Nel convegno in molti hanno parlato della necessità della comunicazione come strumento indispensabile per spiegare la logica di questa attività e le sue connessioni con il resto dell’economia e con l’ambiente naturale e sociale.
In questo ambito quattro sono gli aspetti cruciali nel rapporto con la pubblica opinione, con gli amministratori e con la politica.
Prima di tutto c’è l’aspetto della sicurezza: l’attività mineraria nel campo degli idrocarburi non presenta nessun particolare rischio che giustifichi un trattamento diverso dalle altre attività industriali: le attività di campagna nella fase di prospezione geologica e di esplorazione sono nella fascia del rischio minimo; presenta maggiore rischio la produzione di idrocarburi nella fase di estrazione e nella fase di trasporto ma in proposito le garanzie dell’industria mineraria italiana sono date dalla severità delle procedure di gestione confermate da statistiche degli incidenti fatte di pochi eventi e nessuno disastroso.

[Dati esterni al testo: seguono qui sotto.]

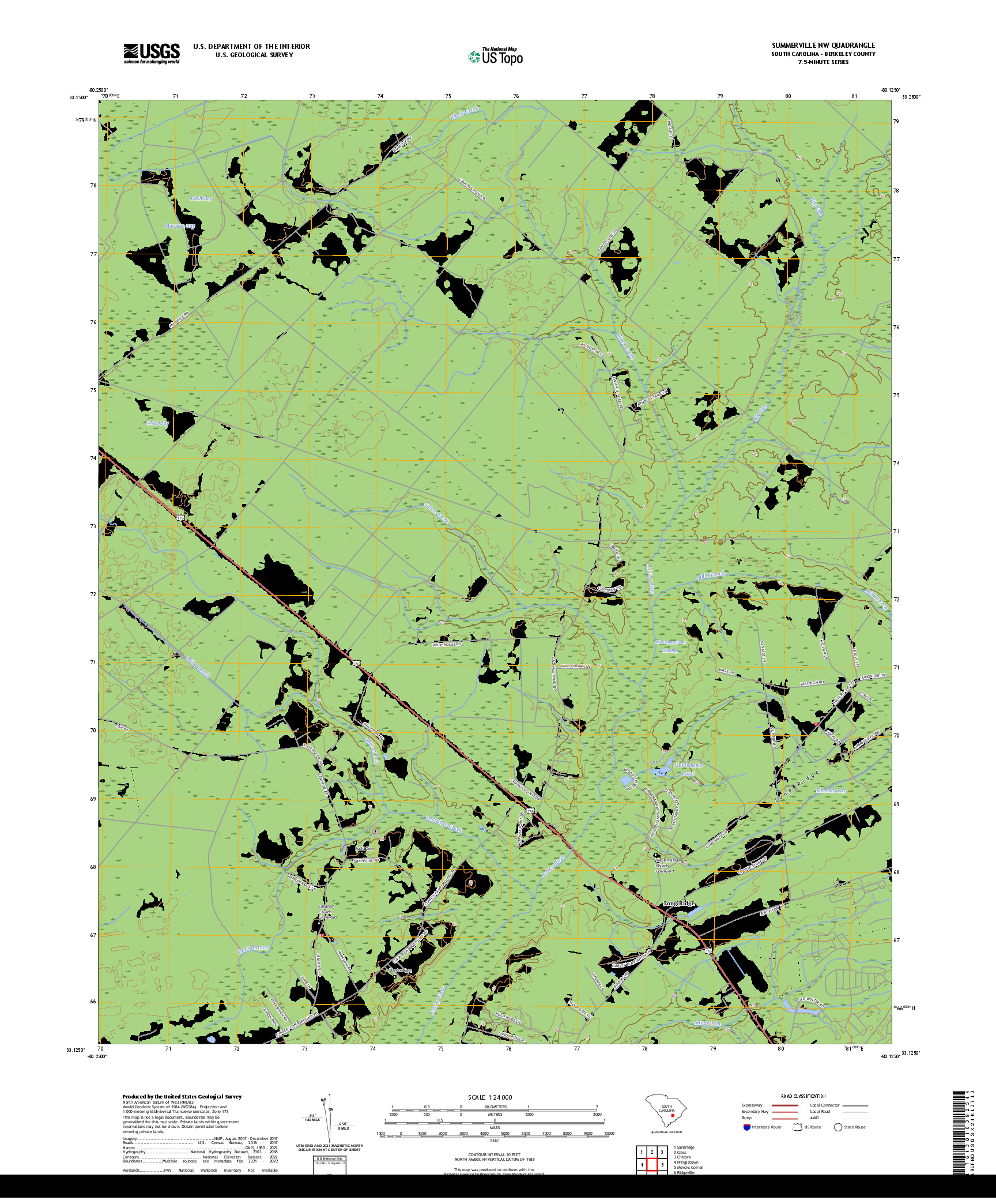 US TOPO 7.5-MINUTE MAP FOR SUMMERVILLE NW, SC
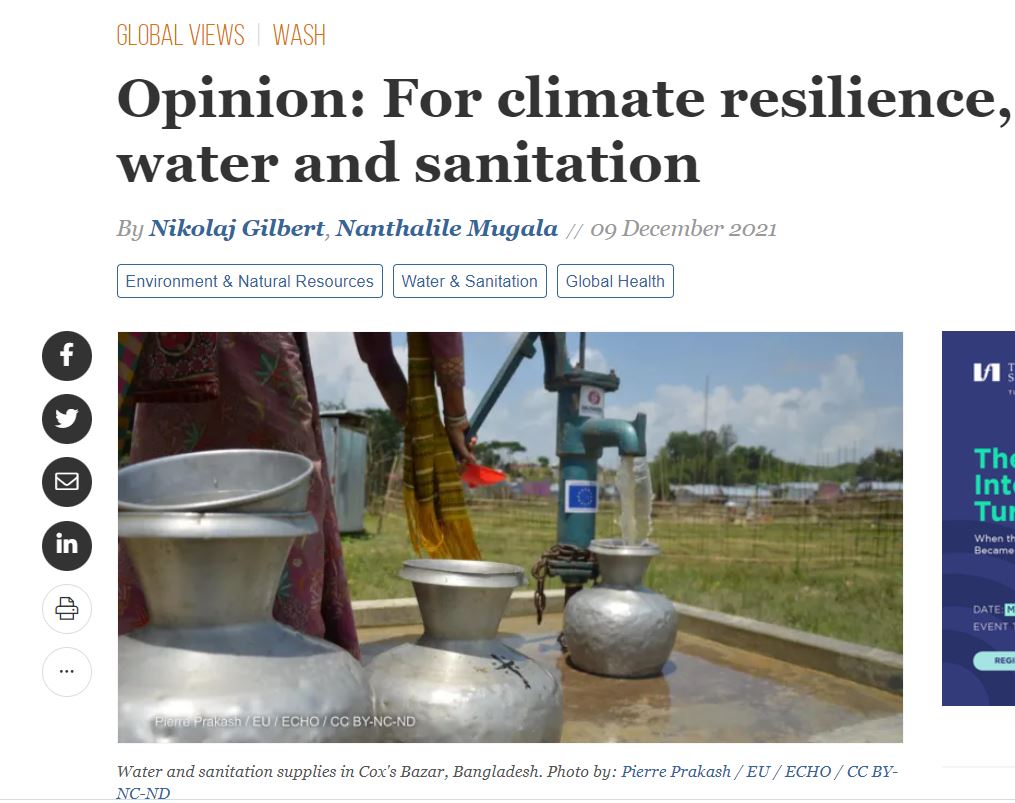 An article titled "Opinion: For climate resilience, water and sanitation" by Nikolaj Gilbert and Nanthalile Mugala, published on December 9, 2021. The header image shows a hand pump surrounded by metal containers filled with water.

Il secondo aspetto rilevante è quello dell’ambiente per la cosiddetta valutazione di impatto ambientale; ebbene l’impatto di una campagna di esplorazione è irrisorio e per la maggiore parte si tratta di attrezzature temporanee per il cantiere; e la fase produttiva
richiede attrezzature all’aperto con ancora meno impatto sull’ambiente.

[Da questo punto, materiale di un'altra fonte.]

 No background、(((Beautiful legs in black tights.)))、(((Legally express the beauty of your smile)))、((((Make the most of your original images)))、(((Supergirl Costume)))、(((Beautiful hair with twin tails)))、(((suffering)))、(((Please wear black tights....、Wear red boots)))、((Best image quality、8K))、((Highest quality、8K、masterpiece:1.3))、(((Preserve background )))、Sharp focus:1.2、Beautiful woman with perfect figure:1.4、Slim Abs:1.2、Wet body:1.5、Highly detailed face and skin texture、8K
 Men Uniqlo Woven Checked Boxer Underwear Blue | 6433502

Il terzo tema è quello del “time to market” che è una necessità per ogni iniziativa economica ma è esasperata nel caso dell’industria mineraria per la rilevanza degli investimenti, per l’alto grado di rischio sull’entità delle RISERVE e della produzione e per la lunghezza del ciclo dalla campagna geologica alla produzione.
Ciò spiega la assoluta necessità di una programmazione rigida: ogni ritardo in fase autorizzativa e soprattutto in fase operativa
può infatti compromettere definitivamente la fattibilità dell’investimento.
Per ultimo vi è da spiegare la rilevanza dell’indotto generato dalle attività minerarie poiché rappresenta una grande opportunità per le comunità locali, molto di più del valore di una royalty o di uno speciale contributo.

Conclusioni

Il caso della industria mineraria è esemplare dell’importanza delle buone regole per lo sviluppo economico.
Caduti gli Dei del liberalismo puro e del materialismo marxista a spiegare lo sviluppo economico di un Paese valgono molto di più il livello dell’educazione, e in questo campo la nostra industria è un’eccellenza mondiale, e soprattutto la certezza e la efficacia delle regole e la qualità delle istituzioni che le governano.
In questo contesto sarebbe colpevole frenare un’attività che secondo Assomineraria può ancora contare su ingenti RISERVE potenziali residue in aggiunta alle RISERVE già accertate nella misura del 25% di gas e del 55% di petrolio; la loro valorizzazione consentirebbe nei prossimi 25 anni un risparmio di 100miliardi di euro sulla BOLLETTA ENERGETICA.
Sarebbe logico perciò che l’obiettivo di aumentare RISERVE e produzione di idrocarburi nazionali diventasse un obiettivo centrale del piano energetico per la rilevanza che ha nel breve termine rispetto ad altri obiettivi proiettati nel lontano orizzonte del 2030.
Il federalismo alle porte potrebbe utilmente applicarsi a districare i nodi delle competenze tra Stato centrale e Regioni separando nettamente le responsabilità: al primo le questioni dell’upstream dove le iniziative sono rilevanti per la sicurezza energetica e nelle relazioni con gli stati produttori; alle seconde le questioni del DOWNSTREAM dove sono rilevanti le questioni logistiche che incidono sulla gestione dell’ambiente e la cura del RISPARMIO ENERGETICO per incentivare l’efficienza e l’impiego di FONTI ALTERNATIVE, come previsto dalle vecchie leggi 9 e 10 del 1991 finora disattese.
Ma sapranno Governo e Regioni raccogliere il “grido di dolore” che traspare dalle misurate parole e dai dati di Assomineraria?
Prima di tutto a difesa dell’interesse nazionale.